Did you know the average American spends more than 30% of his or her adult waking life inside of a Trader Joe’s? Sooner or later, every kind of person there is will wind up wandering the slightly-too-narrow aisles, eating “party meatball” samples and wondering “Yo, is this “ethnic” label variation on the name “Trader Joe” racially problematic?” (The answer is often yes!)
Trader Joe’s Roasted Seaweed Snack: You consistently display superhuman-seeming levels of self-restraint. While this quality often works in your favor, it has also played a significant factor in the end of several of your long-term romantic relationships. While none of your exes would admit to breaking up with you because of it, they will confess after a few drinks that it certainly didn’t help. You could show a little vulnerability, you know. Make a mistake.
Anything from the 1/2-off day-old baked goods table: You know exactly what kind of person you are.
Two-Buck Chuck: You have no faith in your ability to choose wine; you enjoy rhyming and think that cherry is a better “red” flavor than strawberry, which is insane.
Alcohol, any other kind: You enjoy savings and also exist.
French onion soup (frozen): It is your strange desire to consume peasant food in the least convenient packaging possible. You are Gloria Swanson; you want only to reconnect with your Cossack heritage.
Ancient grains soup (refrigerated): Every day at work you have the same thing for lunch. Not this soup, necessarily, but the same combination of things, every day, for years at a time. Your coworkers find this marvelous but it also means that you will never be promoted.
Vegetable & lentil soup (canned): You have a lot to worry about. Good luck with everything. Let me know if I can help.
Boxed macaroni: This is the only thing that you ever buy, or have ever bought, at Trader Joe’s. Your mother regularly asks if you need money, although always with the unspoken addendum of “please don’t say yes.”
Produce, any kind: You’re a fool. Produce is the Trader’s Achilles heel.

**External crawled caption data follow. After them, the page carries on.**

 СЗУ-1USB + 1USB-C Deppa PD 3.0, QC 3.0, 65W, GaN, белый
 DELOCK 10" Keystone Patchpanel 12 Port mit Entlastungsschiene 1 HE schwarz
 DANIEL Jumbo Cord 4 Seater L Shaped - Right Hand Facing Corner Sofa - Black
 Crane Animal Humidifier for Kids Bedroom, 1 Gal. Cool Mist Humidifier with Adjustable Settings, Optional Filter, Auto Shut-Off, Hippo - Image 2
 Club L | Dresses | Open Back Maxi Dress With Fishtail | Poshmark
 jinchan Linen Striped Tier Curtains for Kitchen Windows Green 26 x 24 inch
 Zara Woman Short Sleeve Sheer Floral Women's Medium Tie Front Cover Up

He cannot master it; this failure keeps him up at night. “So many bags,” he moans to his sympathetic but tired wife. “So many irregularly sliced end bits. Shelled English peas in a bag. Ghastly. All ghastly.” There is no solution; the puzzle goes unsolved. Finally, he sleeps, but he cannot rest.

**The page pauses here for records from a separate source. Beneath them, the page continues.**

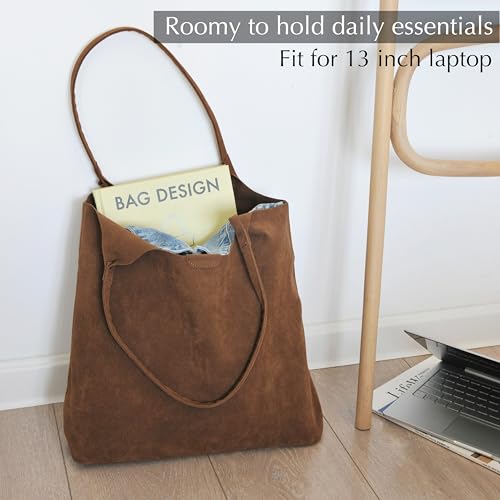 Soft Faux Suede Tote Bag for Women - Magnetic Closure Hobo Handbag, Casual Vegan Leather Purse - color: Brown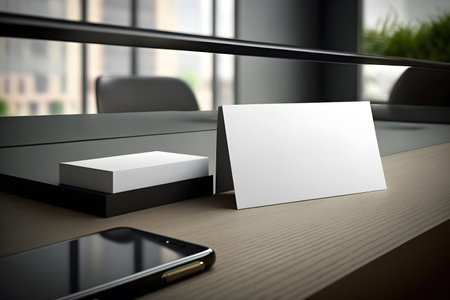 Blank business card on the table. 3d rendering mockupの素材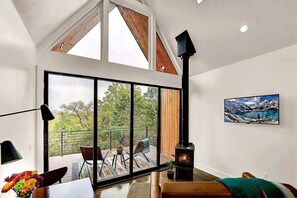 TV, fireplace - Beautiful Cabin with Incredible Design and Starrynight in Wimberley, Texas (Wimberley)
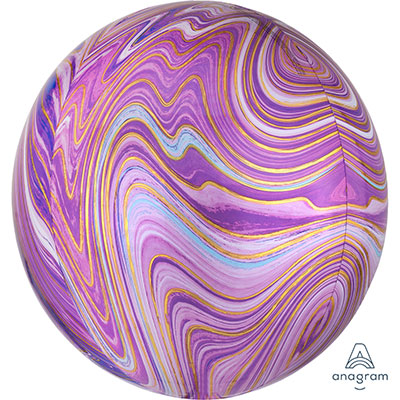 Шарики из фольги Шар 3D СФЕРА 40см Мрамор Purple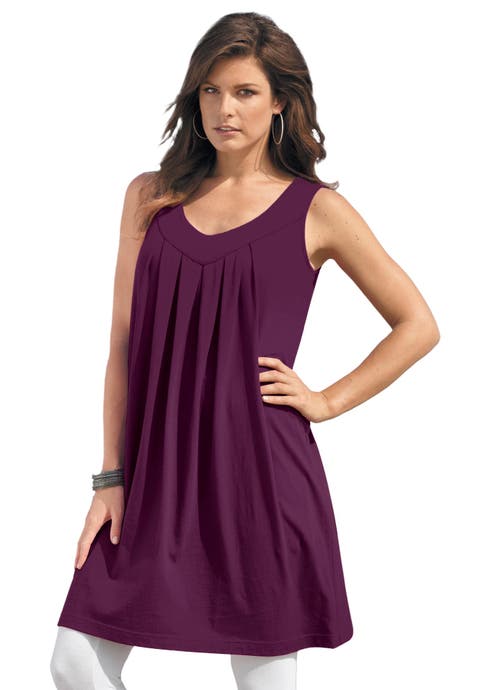 Plus Size Ultimate Pleated Tunic Tank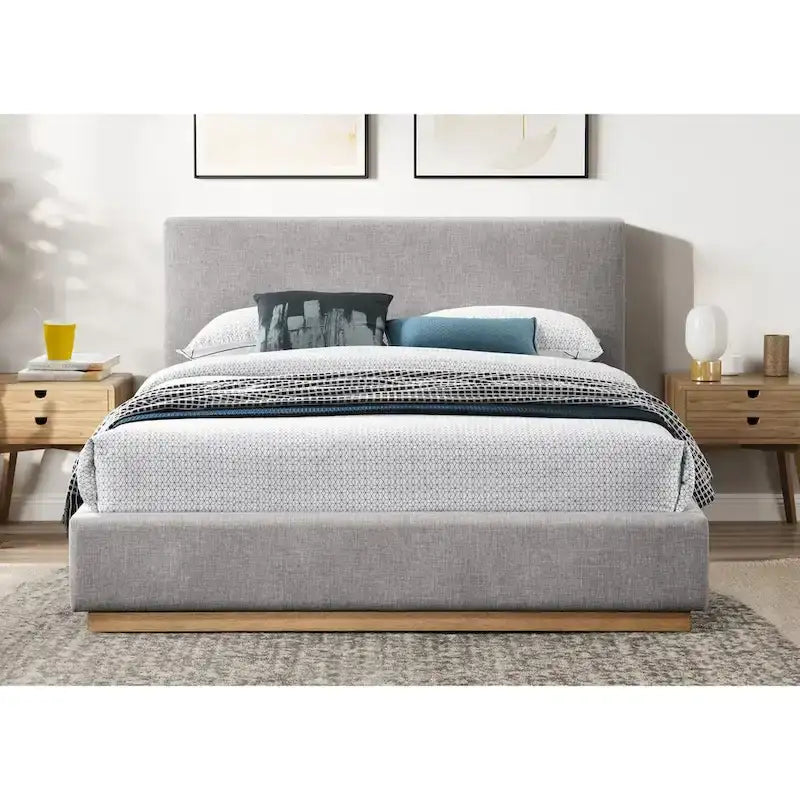 Porter Boucle Upholstered Wood Base Platform Bed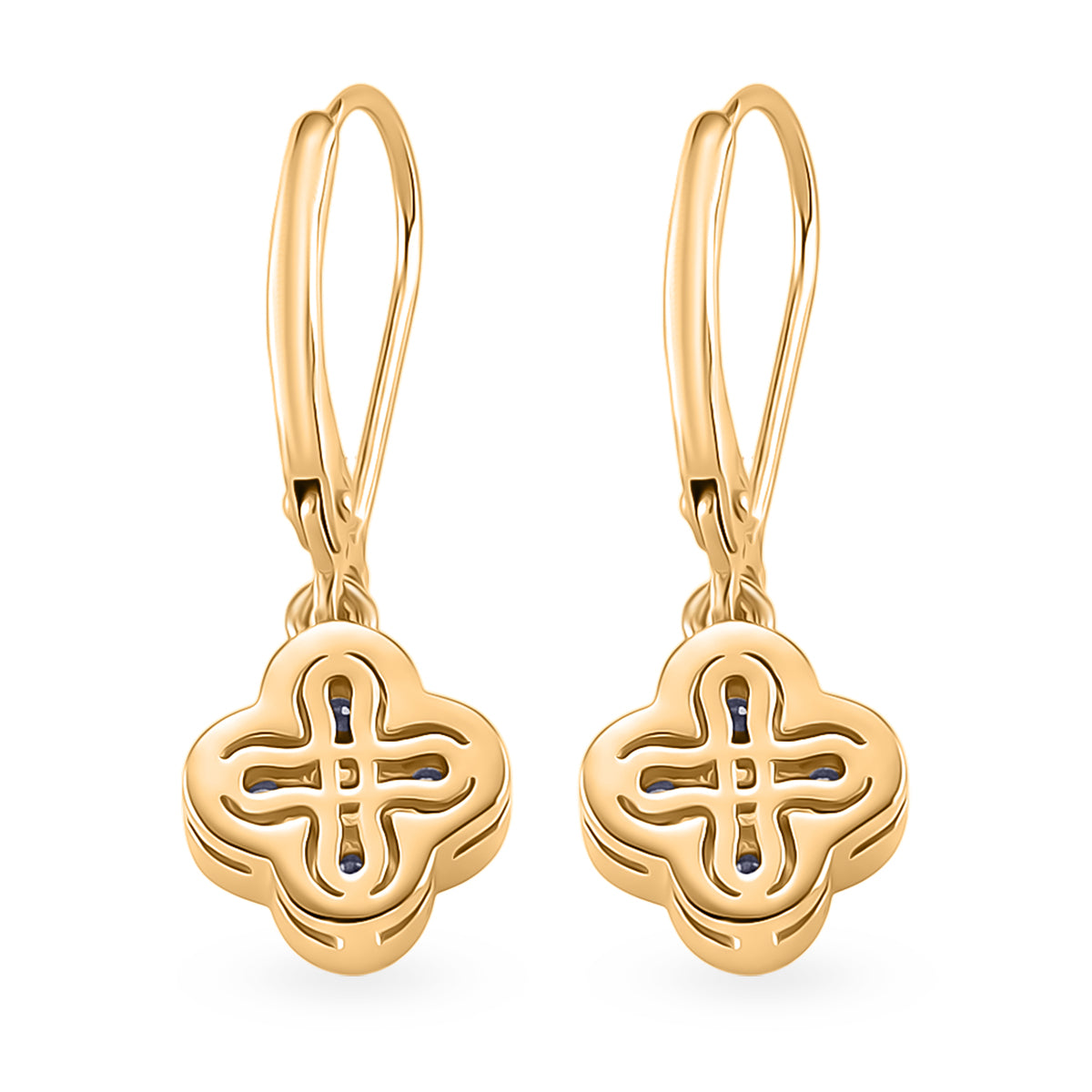 D'Joy - GRA Certified Moissanite Cluster Earring with Lever Back in Yellow Gold Plated Sterling Silver 1.00 Ct. V32527179 5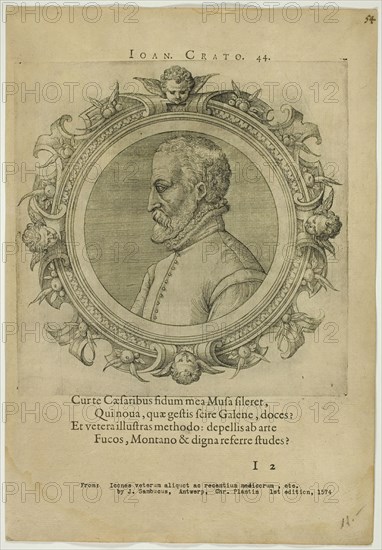Portrait of Joan Crato, published 1574. Creators: Unknown, Johannes Sambucus.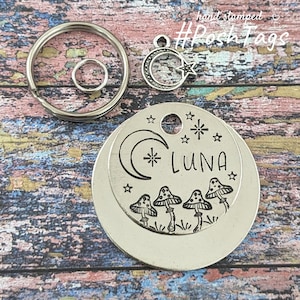 Moon & toadstools - Luna (or your pet name or &quot;chipped&quot;) magic mushrooms cute stars - pet cat dog ID collar tag
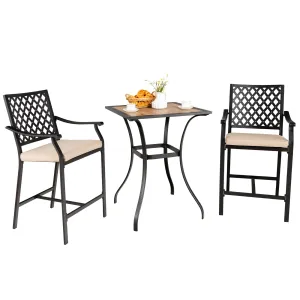 Tangkula 3 Piece Patio Bar Bistro Set, Outdoor Bar Height Stool & Table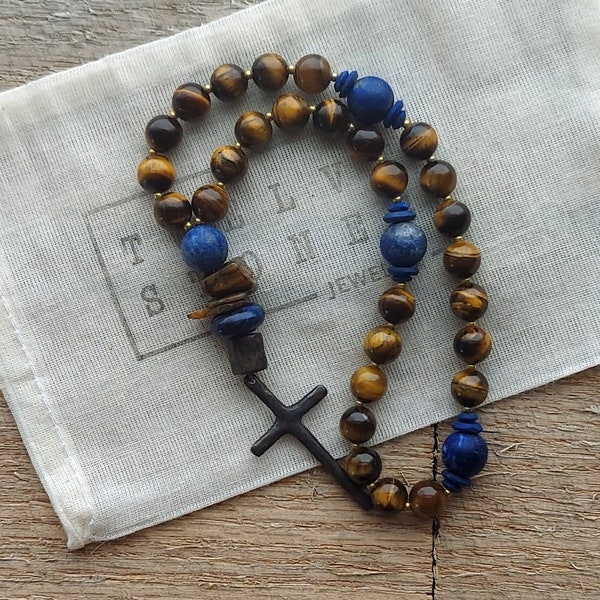 Anglican Prayer Beads, Rosary with Gemstones Tiger Eye and Lapis, Episcopal, Christian Prayer Devotional Aid, Rustic Cross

Cheese, string: You played varsity soccer for all four years of high school but were sidelined in college after your recovery from ACL surgery took longer than expected. For months you thought you were in love with your physical therapist, who was thirty-four and never displayed the slightest interest in you. Later, of course, you realized that your feelings for them were simply an attempt to displace the general sense of aimlessness and panic that bubbled up whenever you tried to think about what you were supposed to do with your life now. You lost your scholarship junior year and switched your major to engineering. Now you work in user experience design and are happier than you ever thought you could be. You occasionally feel numbness and tingling in your left leg (not the same leg you had your ACL surgery on) and worry that it might be MS. It isn’t MS. You’re fine. Allow yourself to relax.

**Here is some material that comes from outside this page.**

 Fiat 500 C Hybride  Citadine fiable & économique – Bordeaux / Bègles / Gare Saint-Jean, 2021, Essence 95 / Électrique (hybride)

Chocolate peanut butter cups: You call almost everything you enjoy a “treat” or an “indulgence” or “pampering myself” because you’re afraid to truly examine the depth of your own appetites. There must always be an excuse; happiness must always come with a reason. Why? Who are you doing this for?
Toilet paper/Paper towels: You are either a willful ascetic or completely indifferent to comfort. You and your partner share each other’s clothes.
Hummus (any variety): You often mistake mushed bean paste for excitement.
Dipping vegetables: Baby carrots are the only vegetable you have eaten in eight years.
Seasonal items (cauliflower gratin, scalloped potatoes, et al): You trust too easily and too often. This has proved painful in love.
Frozen garlic fries: You believe firmly that everyone should try shrooms at least once (you are wrong).
Reduced Guilt Filet of Sole: Nothing will reduce your guilt. You will always find a way to disappoint your inner critic. It is astonishing, the degree to which you hate yourself.
Mini Beef Tacos: You enjoy pretending to be a giant and have modest expectations when it comes to matter of taco quality.
Sushi (any kind): You will eat garbage.
Pub cheese: You wandered into this Trader Joe’s by mistake. You don’t even know what a Trader Joe’s is. Does this town not have a Von’s?
Trader Joe-brand Cheetos: How good are these? The worst part about them is the cellophane bag is excessively stiff and crinkly, so once it’s been opened, there’s no real way to roll it back up and save the uneaten ‘tos for later. You eat the whole bag or risk staleness.